§ **Dataset entries**:
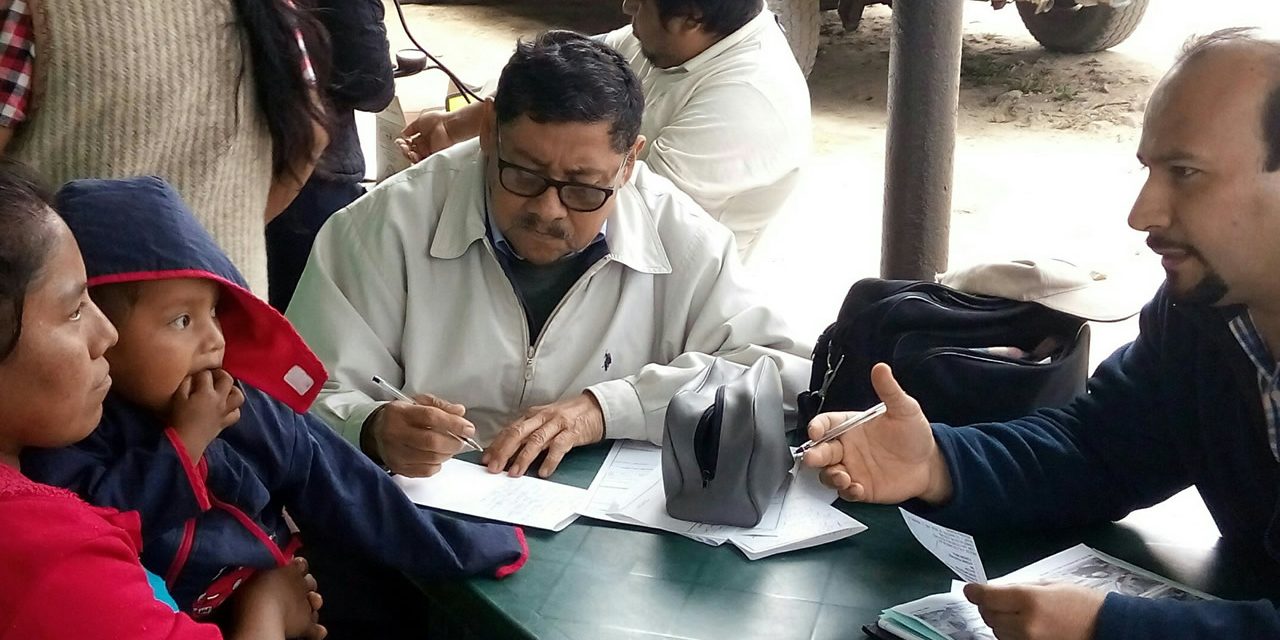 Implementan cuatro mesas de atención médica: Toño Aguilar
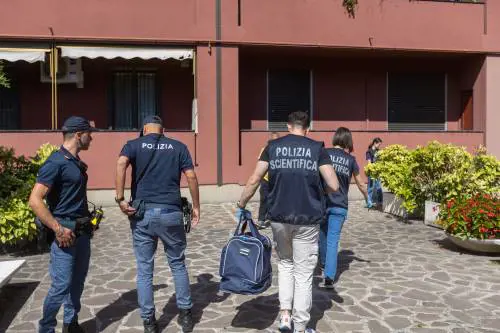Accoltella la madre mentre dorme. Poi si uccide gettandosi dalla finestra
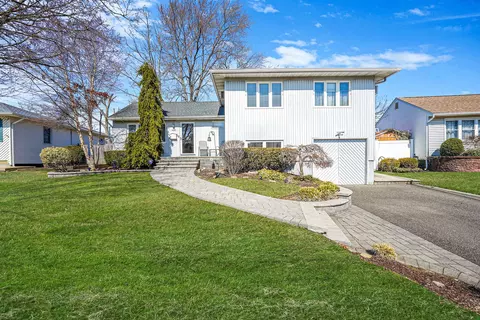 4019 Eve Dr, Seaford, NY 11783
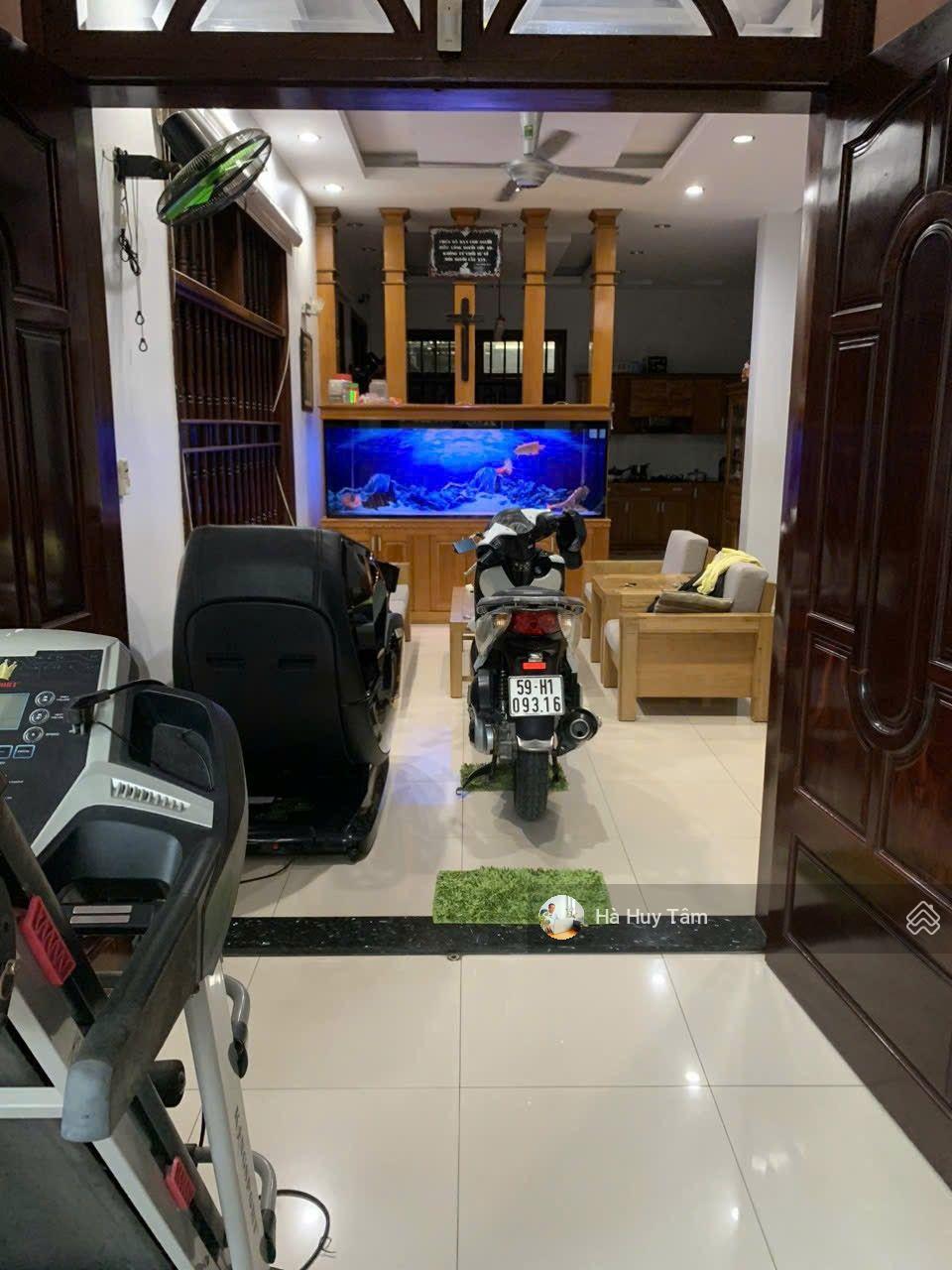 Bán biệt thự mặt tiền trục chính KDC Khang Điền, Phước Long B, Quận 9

==

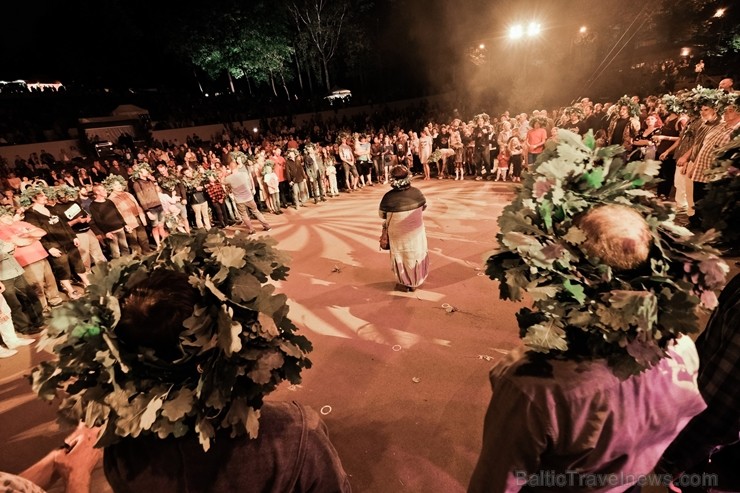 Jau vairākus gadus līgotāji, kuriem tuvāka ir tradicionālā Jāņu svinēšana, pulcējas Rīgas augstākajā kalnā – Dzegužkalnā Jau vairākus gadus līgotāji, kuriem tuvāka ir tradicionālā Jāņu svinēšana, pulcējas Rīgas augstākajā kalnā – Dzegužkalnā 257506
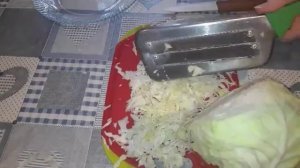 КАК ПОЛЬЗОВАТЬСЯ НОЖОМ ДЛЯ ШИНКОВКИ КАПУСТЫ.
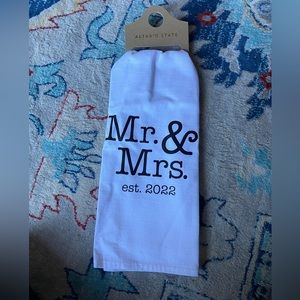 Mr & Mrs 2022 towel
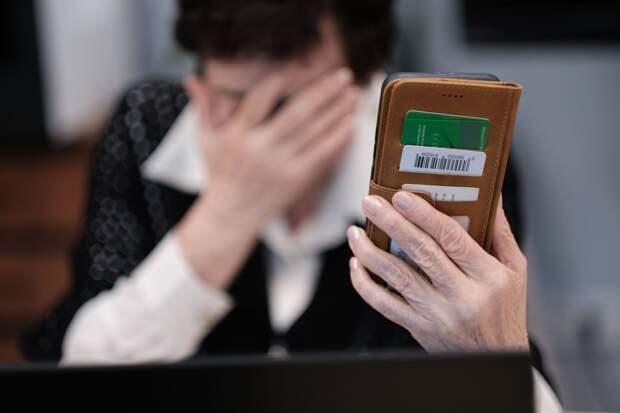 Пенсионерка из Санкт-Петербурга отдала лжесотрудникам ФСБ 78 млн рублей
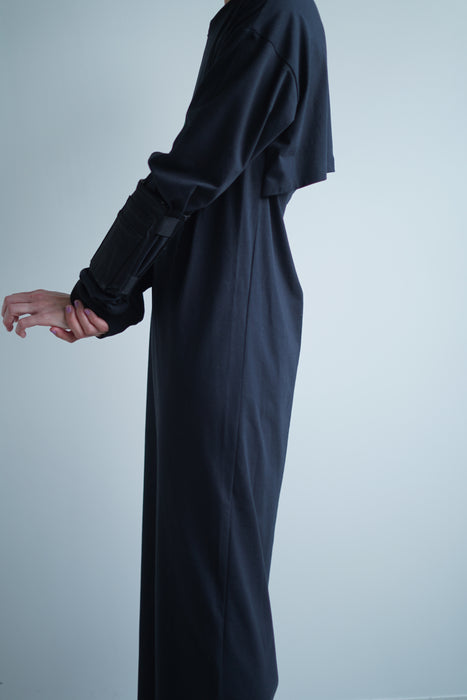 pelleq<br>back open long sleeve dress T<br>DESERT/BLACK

* * *

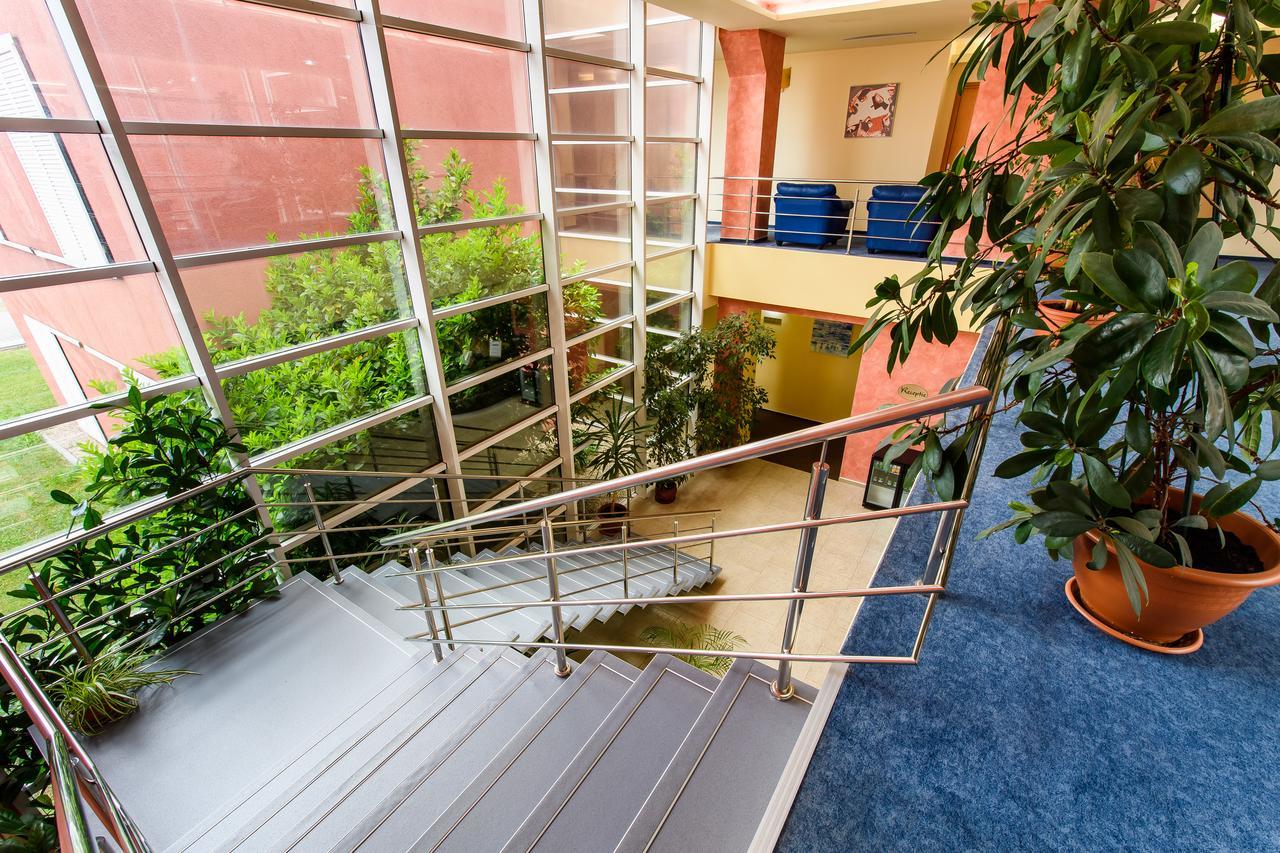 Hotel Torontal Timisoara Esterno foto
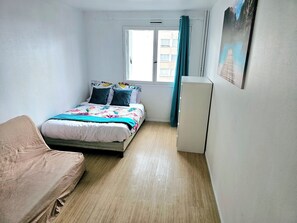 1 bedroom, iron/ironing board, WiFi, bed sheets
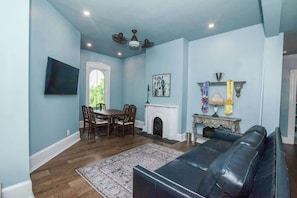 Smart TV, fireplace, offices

§ **Your instructions**: Within the listing above, copy exactly the lines that start at the one with "Implementan cuatro mesas" and continue through the one with "Bán biệt thự". Omit pictures.

§ **Task response**:
 Implementan cuatro mesas de atención médica: Toño Aguilar
Accoltella la madre mentre dorme. Poi si uccide gettandosi dalla finestra
 4019 Eve Dr, Seaford, NY 11783
 Bán biệt thự mặt tiền trục chính KDC Khang Điền, Phước Long B, Quận 9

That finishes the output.